Recentemente estava conversando com uma amiga sobre literatura. Decidi então contar a ela o que eu senti ao ler os livros do Realismo e o sentimento foi algo que ela confirmou: nada é verdadeiro, tudo é de mentira.

Essa é a sensação que se tem quando se lê livros do Realismo que honrem com a escola literária: desolação, uma sensação de que nenhuma relação social é verdadeira, ela é fruto de um interesse. A tese machadiana das duas almas ainda reforça a falsidade das pessoas. Além de você não confiar nas pessoas, você passa a encará-las como um lado, como se fossem um Janos, da mitologia romana.

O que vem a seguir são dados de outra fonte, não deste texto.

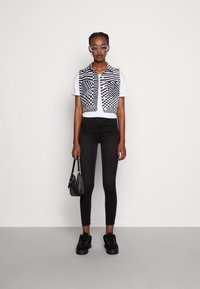 Colete recortado em xadrez preto e branco por cima de uma t-shirt branca, combinado com jeans skinny pretos e ténis pretos de sola grossa. Pequena bolsa preta.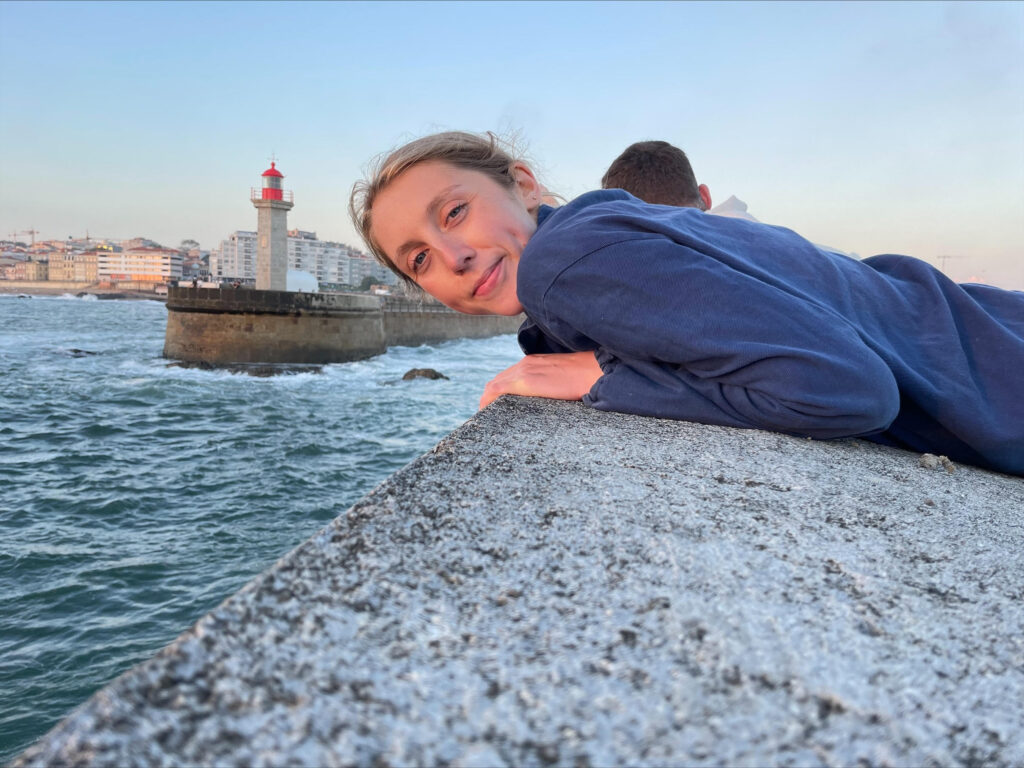 Photo of Charli with her chest leaning on a wall with a boat in the background.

A cereja do bolo fica por conta do Naturalismo que nos coloca sobre um entendimento determinista e demonstra a teoria muito bem embasada de que na realidade nós somos animais, porém nos comportamos por um período de tempo mais longo do que aqueles que são selvagens.

É desconstruir rapidamente um entendimento que estava impregnado de romantismo do Romantismo.
Apenas um livro do Romantismo me rendeu monotonia e a chamada “ressaca literária”, no Realismo já foram dois e pelos mesmos motivos, a miséria humana. Em Dom Casmurro, é quase incabível que uma trama que começou feliz se desenrole naquele trágico final e o mesmo tem que se dizer de Madame Bovary, que de uma forma mais acentuada e um pouco menos romanesca, demonstra o interesse e a falsidade das pessoas e a capacidade das mesmas de qualificar os indivíduos como objetos momentâneos ou que só servem para um período.

A máxima do Realismo Naturalismo é: somos animais comportados, sociáveis, demasiadamente sociáveis e levamos essa sociabilidade como arma para os nossos interesses, somos corruptos e interesseiros. Eu não discordo nenhum pouco, somos mesmo.

Para concluir e concluir de uma forma real, mas não determinista, não se deixem influenciar tanto assim. Se somos odiáveis também sabemos amar, após ler Machado e Flaubert talvez seja melhor voltar um pouco as doçuras do Romantismo. Mas nem tanto, antes a realidade das relações do que as farsas das relações.

Desconstruindo aquele conceito errôneo sobre a falsidade das relações, segue palavras de um psicanalista que soube muito bem mudar a minha opinião:

“Em geral, esse cinismo [farsa] cético é fruto de: 1) uma consciência moral terrível, pela qual toda experiência concreta, sobretudo se for prazerosa, deve ser culpada ou 2) uma extrema insegurança compensada por uma exaltação narcisista; assim sou o único a perceber que tudo é falso – com isso sou superior aos outros, ninguém me engana. Essa posição é freqüente na adolescência (...)”
                     
                                                                   Crônica: “A Árvore da Vida e Melancolia”, de Contardo Calligaris.